If you seen another traveler getting the beat down by a cop...what would you do?


----------



## BrainDeadUnit (Jan 28, 2011)

Okay, maybe not kick the cop's ass, but pull the cop off of him, etc.
If I'm not mistaken, cops have to obey all the same laws we do, and they're definitely in the wrong beating another.

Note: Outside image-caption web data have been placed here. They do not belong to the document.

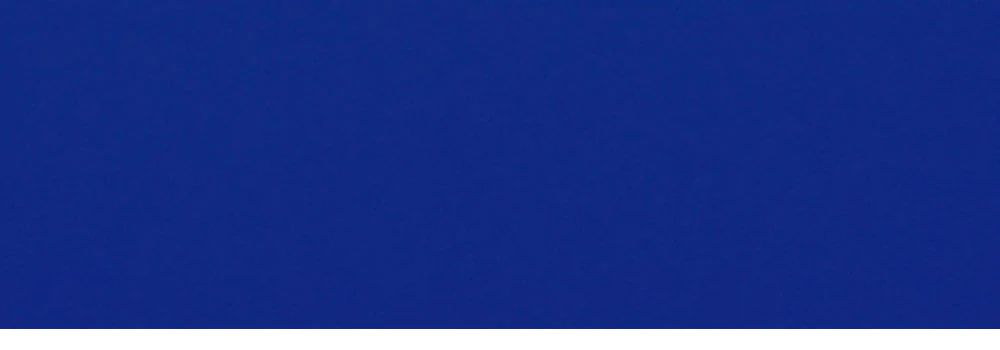 Azulejo metro 10x30 liso color cobalto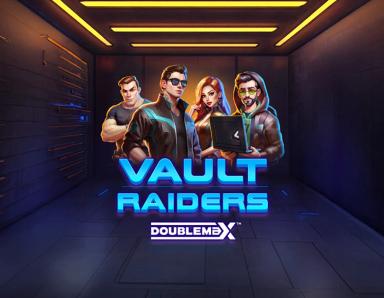 Vault Raiders DoubleMax_image_Bulletproof Games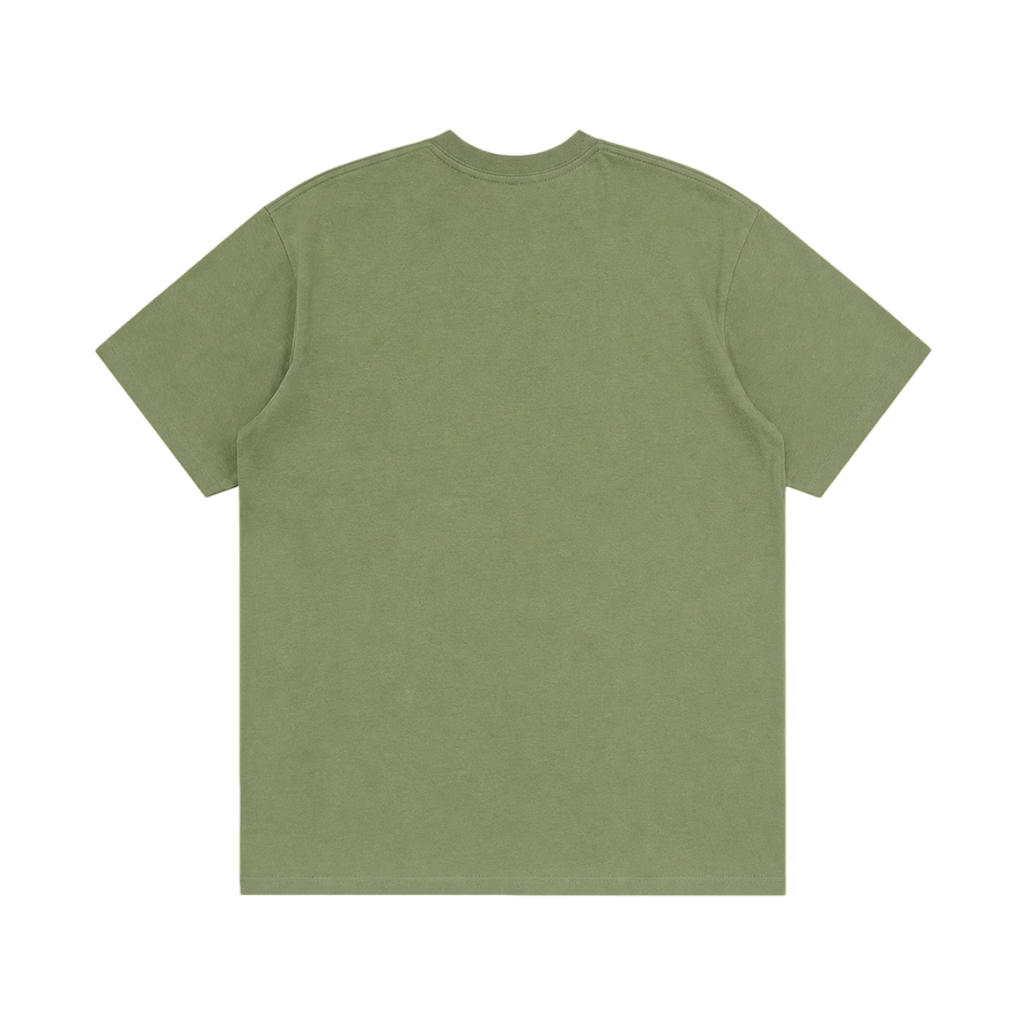 SUPREME TRASH 'LIGHT OLIVE' TEE (XL)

This was a pretty interesting post that had to bring me around to actually consider it. Authority vs. What's right, etc.
If this happened in front of me prior to this question, I'd definitely be one of those, "I dunno," guys. :S


----------



## dahllia (Jan 28, 2011)

probly make a destraction make sure he looks and run... to at least get him to stop 
or throw a rock at him or his car or somthing to stop it


----------



## Nelco (Jan 28, 2011)

dahllia said:


> probly make a destraction make sure he looks and run... to at least get him to stop
> or throw a rock at him or his car or somthing to stop it



Ha! Ha! I'd be down to throw rocks.


----------



## CXR1037 (Jan 31, 2011)

What a stupid fucking post.


----------



## Gudj (Jan 31, 2011)

BrainDeadUnit said:


> If I'm not mistaken, cops have to obey all the same laws we do, and they're definitely in the wrong beating another.


 
Where the fuck are you from?


----------



## CXR1037 (Jan 31, 2011)

Nelco said:


> Ha! Ha! I'd be down to throw rocks.


 
Let's see your "direct action", then!


----------



## Pheonix (Feb 1, 2011)

if you have a cell phone with video recording abilities then start recording and try not to be seen by the cop or you might be the next beating victim. make copies of the video and give them to all the local news stations and to the Internal Affairs. DO NOT HAND IT OVER TO A COP UNLESS YOU READ HIS BADGE AND IT SAYS INTERNAL AFFAIRS. getting violent with the cops that are doing the beating is the dumbest thing you can do cause it will get you beat down too as well as giving them a better justification for said violence so they are more likely to get away with it.


----------



## Dameon (Feb 1, 2011)

Interfering at all, even if the cop is completely in the wrong, will get you a charge that will stick. Assaulting a police officer is not a fun charge to have. Plus, it just makes you the next beating victim. If you're really worried, the only thing you can do effectively is to start yelling "Hey, the cops are beating the shit out of this guy!" Assuming you're in a public place with people around who aren't already watching. You still might wind up just being the next person to get beat. Throwing rocks at a cop is retarded and will get you shot; they'll just claim they thought you had a deadly weapon. At the very least, you'll get an assaulting an officer charge.


----------